Otros animales estaban echados en tierra, sin pastar, aunque abundaba la hierba a su alrededor.

Pete Rice y Teeny Butler comprendieron en seguida.

—¡Cascos despalmados! —exclamó Teeny.

“Miserias” entendió sólo a medias.

—Si los cuatreros hicieron eso, ¿por qué no mataron a los animales y terminaron de una vez? —preguntó—. Se habrían ahorrado mucho trabajo.

—Sí —contestó Pete sombrío—, pero el trabajo no significa mucho para el hombre que se oculta tras todo esto. El matarlos hubiera sido ponerse en demasiada evidencia. Estos animales morirán de todos modos, pero no se sospechará la causa de su muerte.

—No podrán caminar sin sufrir grandes dolores y se dejarán morir de hambre y sed. Y el jefe que organizó la tragedia recogerá entonces su recompensa. Trata de arruinar a los rancheros, de arrojarles de estas tierras para apoderarse él de tan maravillosas praderas.

—¡Mirad aquel ternero! —dijo el pequeño comisario, señalando con la mano—. Parece como si tuviera la miseria.

Pete ya se había dado cuenta. El animal mugía de un modo extraño.

Manaba de su boca la sangre.

—¡Pobre animalito! —murmuró—. Le han partido la lengua.

El sheriff enrolló el lazo y lo lanzó al ternero. Después fue tirando de la cuerda hasta aproximarse al animal y le abrió la boca.

Le habían cortado brutalmente la lengua a partir del centro, imposibilitándole mamar. El torturado animalito estaba condenado a morir de hambre.

—Si tuviera una pistola terminaría con tu agonía —dijo Pete, dejando marchar al ternero—. Y si tuviera a mi alcance al malvado que ha hecho esto...

Un gruñido que oyó a su espalda le hizo volverse rápidamente.

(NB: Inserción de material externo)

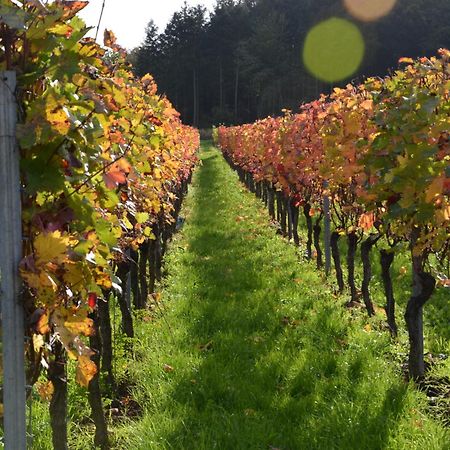 Апартаменти Ferienweingut Gansen / Hochgenuss 1 Ернст Екстер'єр фото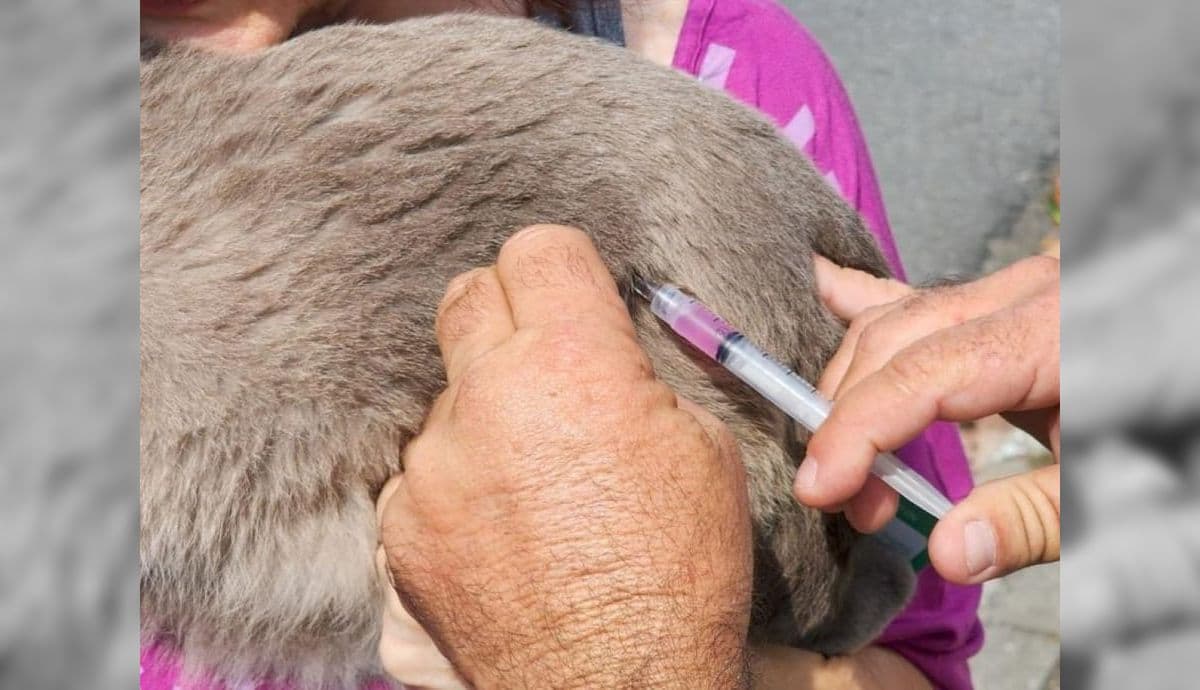 Vacinação antirrábica será na Praça Santa Terezinha nesta semana em Taubaté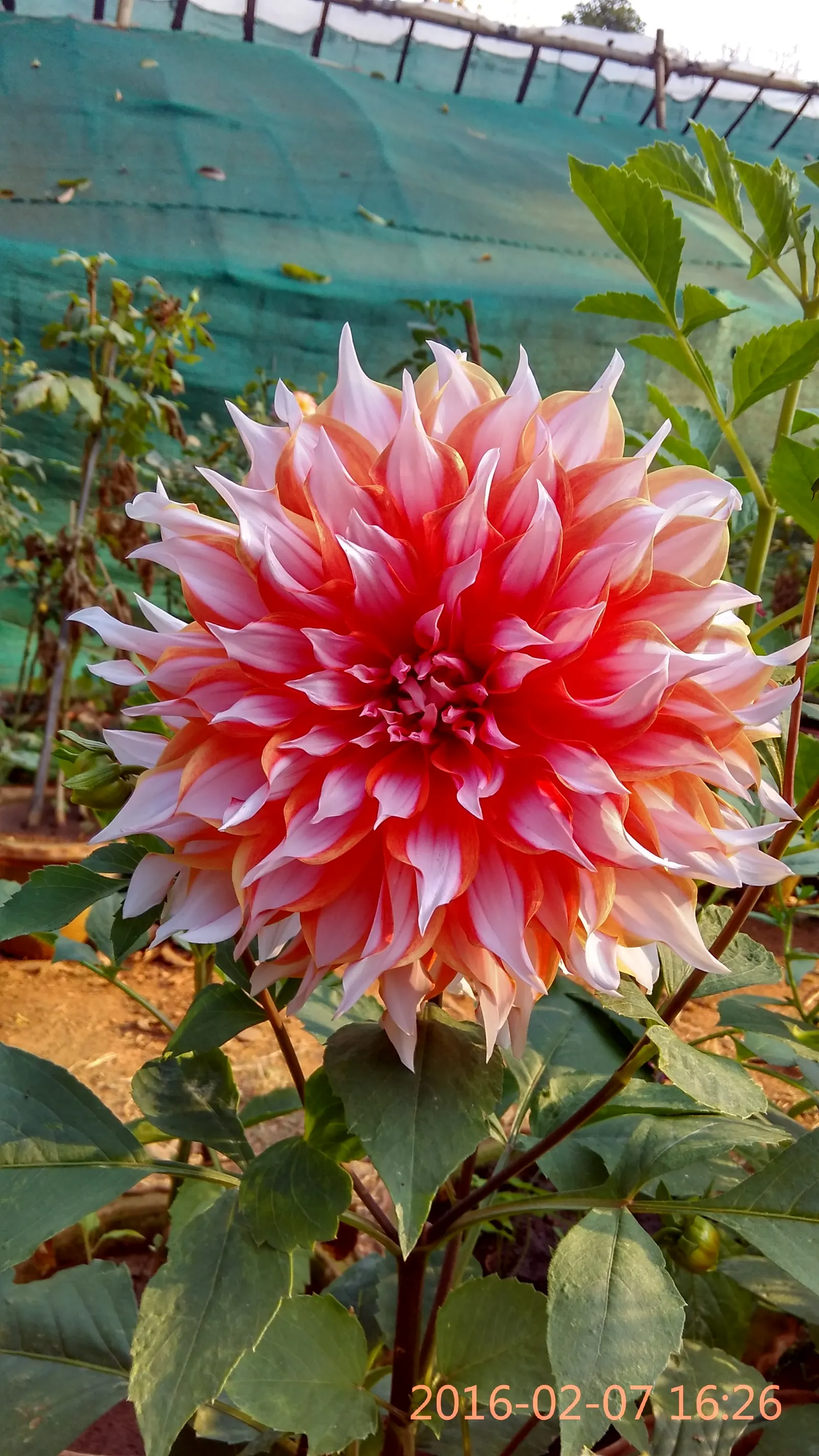 Chocolate Flower (Berlandiera Lyrata) — which are typically around 2 inches in diameter; adding texture to the planting area.<br><br>For landscape design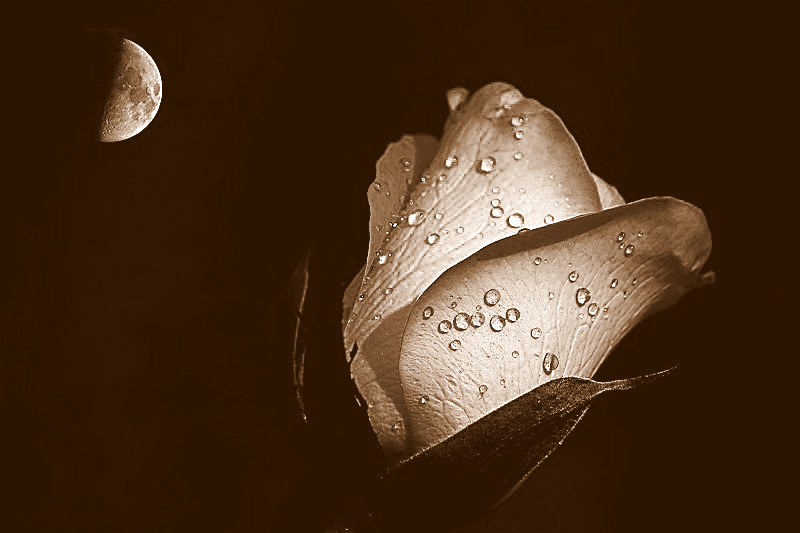 rosa 3.jpg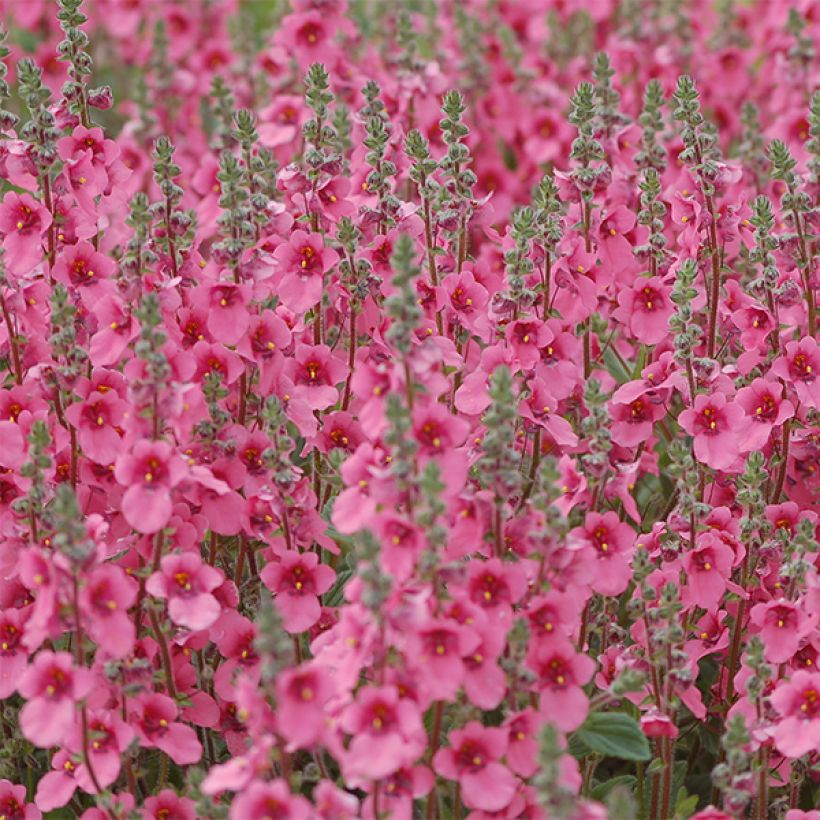 Diascia fetcaniensis - Lachsblume (Flowering)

Sus comisarios giraron al mismo tiempo.

Cada hombre se llevó instintivamente la mano al costado.

Pero comprobaron, una vez más, que tenían las pistoleras vacías.

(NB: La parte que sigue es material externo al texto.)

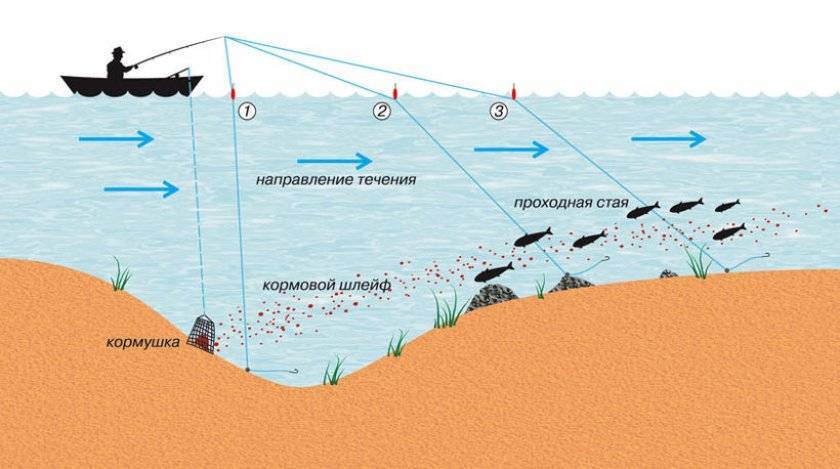Оптимальная погода для ловли леща в октябре месяце
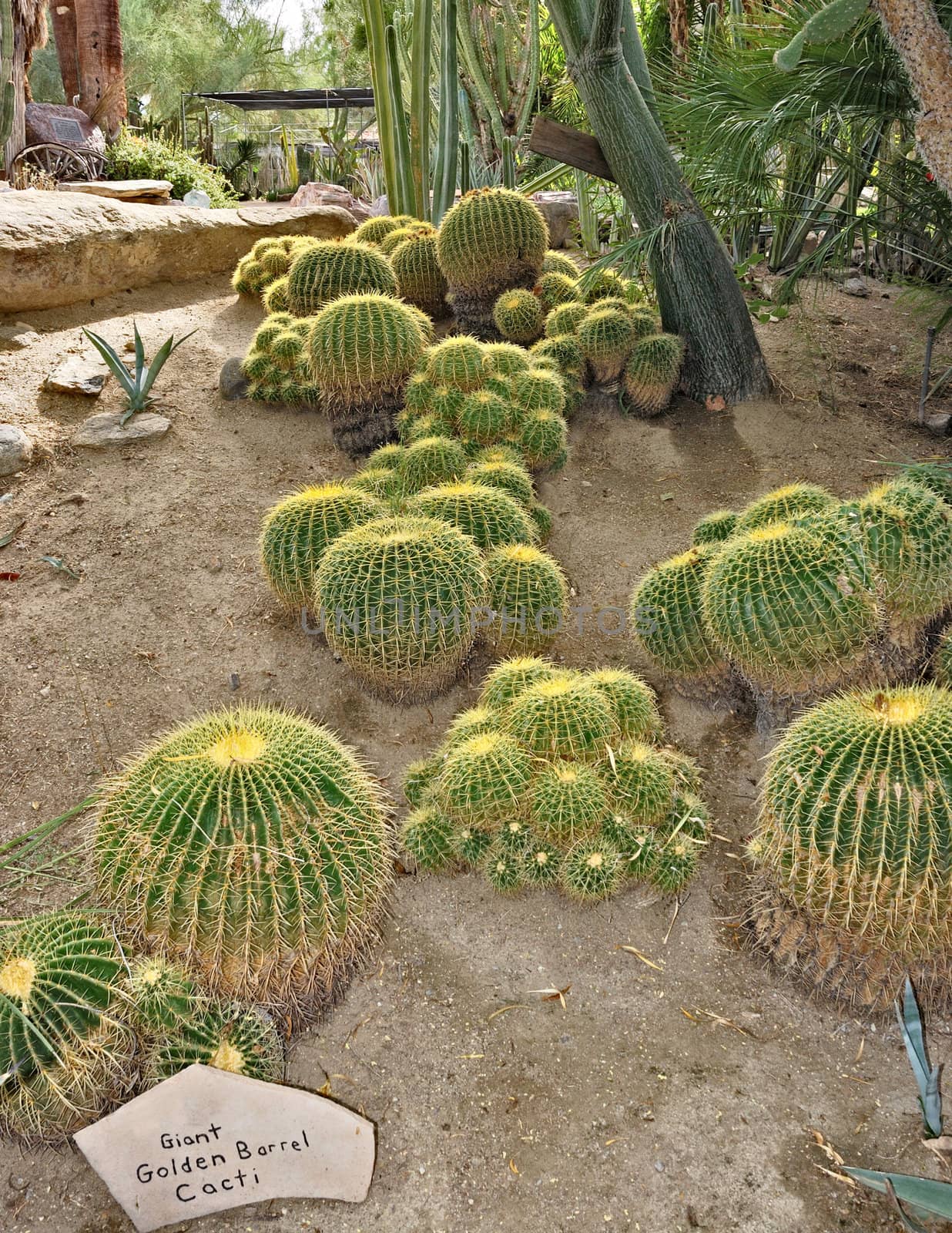 Group of giant golden barrel cacti on the hill.
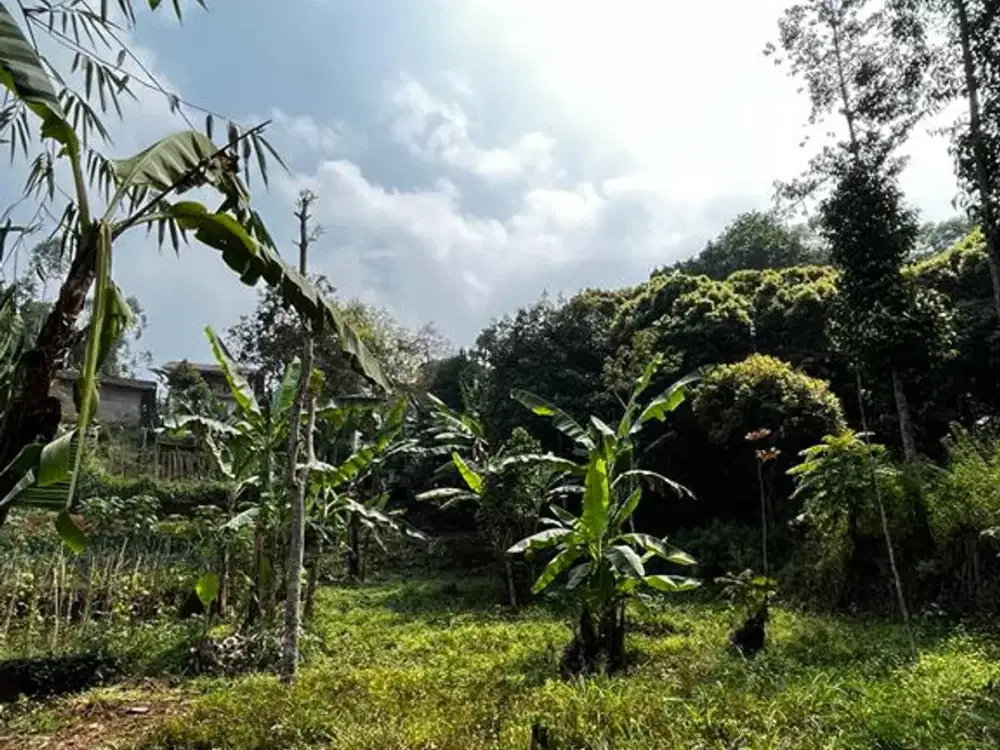 Tanah Matang Cibanteng: Cocok untuk Cluster, Cafe, atau Villa – Akses Truk & Air Melimpah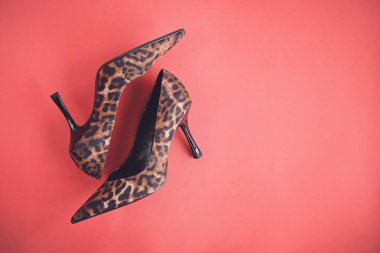 Leopard print shoes high heels on red background, top view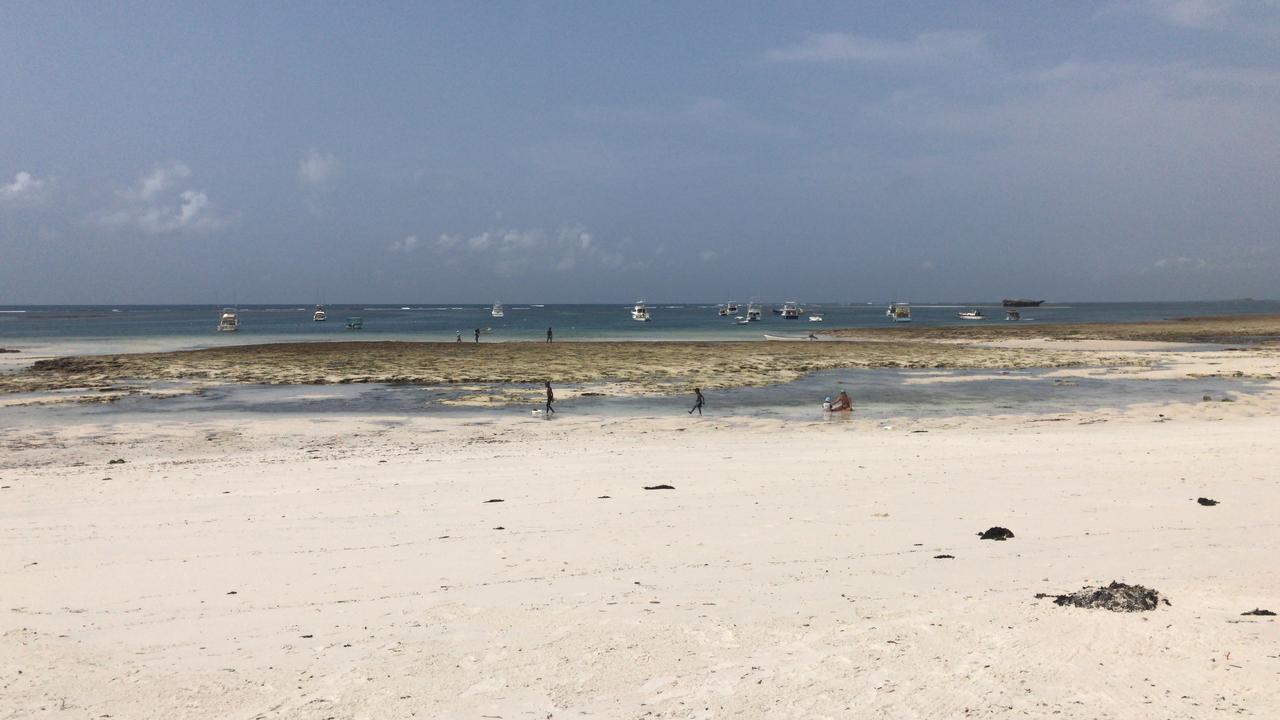 比安卡和彼得罗之家别墅 瓦塔穆 外观 照片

Un coyote flaco y parduzco les hacía frente. Su piel parecía apolillada, tenía los ojos inyectados en sangre y la boca cubierta de baba.

Le temblaban las mandíbulas de aguzados colmillos, salía un gruñido sordo de su garganta y miraba a los tres hombres con todo su odio animal.

—¡Dios! —gritó “Miserias”—. ¡Un coyote hidrófobo!

El coyote es uno de los grandes cobardes de la Creación. No sale de su guarida durante el día, aunque le acose el hambre.

Rara vez se acerca a los hombres. Estos, por lo general, nada tienen que temer de él. Pero el animal que entonces tenían delante era diferente.

Hasta Pete Rice retrocedió unos pasos instintivamente.

No había duda de que se trataba de un coyote hidrófobo. Pete comprendió en aquel momento las palabras de Porky a Leach aquella noche.

Aquel era el coyote que “habían soltado” entre un rebaño.

El sheriff indicó a sus hombres que le siguiesen. Estaban en presencia del más temible azote de las praderas: una bestia salvaje atacada por la rabia, esa horrible enfermedad que enloquece a los perros y puede comunicarse a los seres humanos por una mordedura.

Pete sabía demasiado bien que un coyote hidrófobo, suelto entre el ganado podría causar destrozos por valor de muchos miles de dólares.

Cada una de sus dentelladas significaba un animal infectado... y en condiciones de infectar a los otros.

—Le han traído aquí para diezmar el ganado de estas praderas —observó Pete—. ¡No sé lo que daría por tener un 45 cargado!

—Si tuviéramos las “bolas” podríamos también... —empezó a decir “Miserias”.

—¡Bastaría mi látigo para ajustarle las cuentas! —le interrumpió Teeny.

—¡Cuidado! —les gritó Pete—. —¡Retroceder!— ¡No le perdáis de vista!

La furiosa bestia avanzaba hacia ellos casi arrastrándose sobre el vientre.

La locura le daba valor. Con uno de sus terribles saltos alcanzaría al sheriff.

Pete podría esquivar a la odiosa criatura una o dos veces. Pero un solo rasguño de aquellos aguzados colmillos significaba una muerte espantosa.